Fwd: NYTimes.com Article: Legal Immigrants Can Be Held Without Bail, Court Says

From: rakeshb@STANFORD.EDU
Date: Tue Apr 29 2003 - 19:42:47 EDT

Legal Immigrants Can Be Held Without Bail, Court Says

April 29, 2003

WASHINGTON, April 29 - The Supreme Court ruled today, in a
case with significant impact on the rights of noncitizens,
that the federal government can detain legal immigrants
without bail during their deportation proceedings.

The court upheld, 5 to 4, the strict rules of the 1996
immigration law, which mandates detention of immigrants who
have committed certain crimes even as those immigrants
challenge their deportation.

``Congress regularly makes rules that would be unacceptable
if applied to citizens,'' the court said in a summary
attached to the opinion by Chief Justice William H.

The case decided today, Demore v. Kim, No. 01-1491, has
been closely followed by immigrants' rights groups and
lawyers who follow immigration issues. Today's decision
made it clear that immigrants - even those in the United
States legally - may have far more to lose than American
citizens if they are convicted of crimes, and not
necessarily heinous ones.

``We hold that Congress, justifiably concerned that
deportable criminal aliens who are not detained continue to
engage in crime and fail to appear for their removal
hearings in large numbers, may require that persons such as
respondent be detained for the brief period necessary for
their removal proceedings,'' Justice Rehnquist wrote.

The ``respondent'' is Hyung Joon Kim, who came to the
United States in 1984 at age 6. While still a child, he
became a lawful permanent resident.

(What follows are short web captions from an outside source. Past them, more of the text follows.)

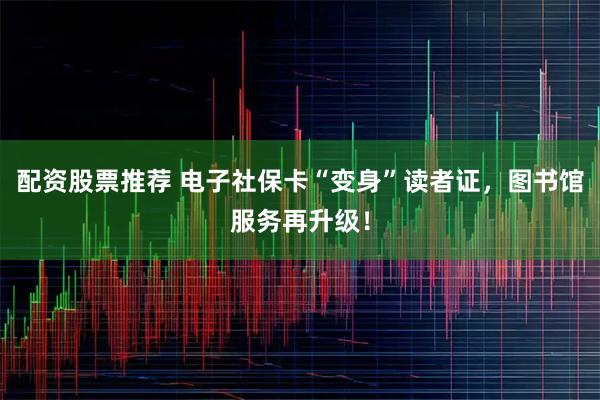 配资股票推荐 电子社保卡“变身”读者证，图书馆服务再升级！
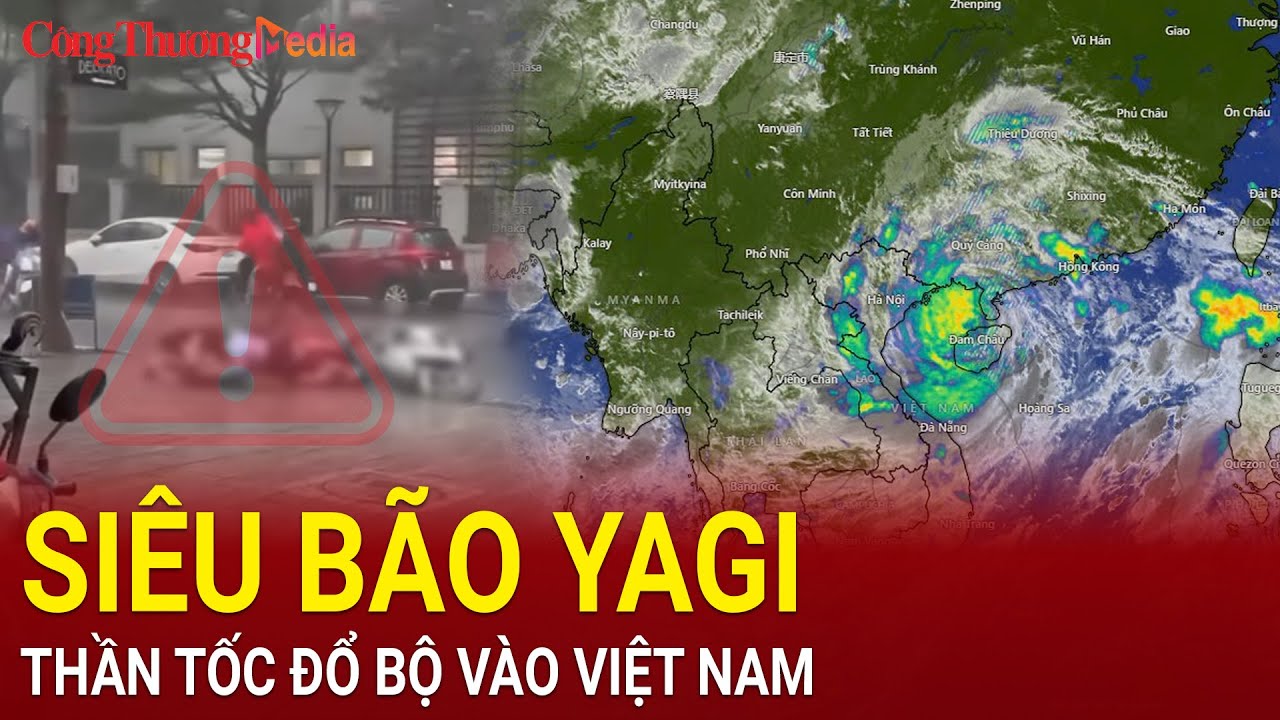 🔴[TRỰC TIẾP]: Diễn biến SIÊU BÃO YAGI đổ bộ vào Việt Nam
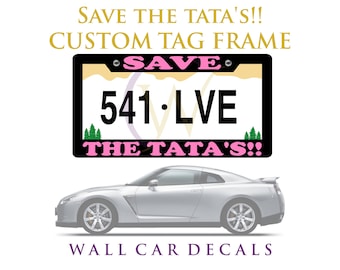 Breast Cancer License Plate Frame, Save the Tata's Flat Black White Plastic Tag Holder, Cancer Survivor Awareness Vinyl Decal, Novelty Gift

In 1996, when he was a
teenager, he was convicted of burglary and the next year
was found guilty of petty theft.

He completed his sentence in California state prison and,
the day after his release, was detained by immigration
officials without bail to await deportation.

After more than three months in custody, Mr. Kim filed a
petition for a writ of habeas corpus, contending that the
1996 law's no-bail provision violated his constitutional
rights. A federal district court and the United States
Court of Appeals for the Ninth Circuit, in San Francisco,
agreed with him.

But today, the Supreme Court reversed the Ninth Circuit,
and two other circuit courts that had come to similar
conclusions. In so doing, the high court agreed with the
government's contention, made in arguments before the
justices in January, that the appeals judges had improperly
substituted their judgment for those of lawmakers.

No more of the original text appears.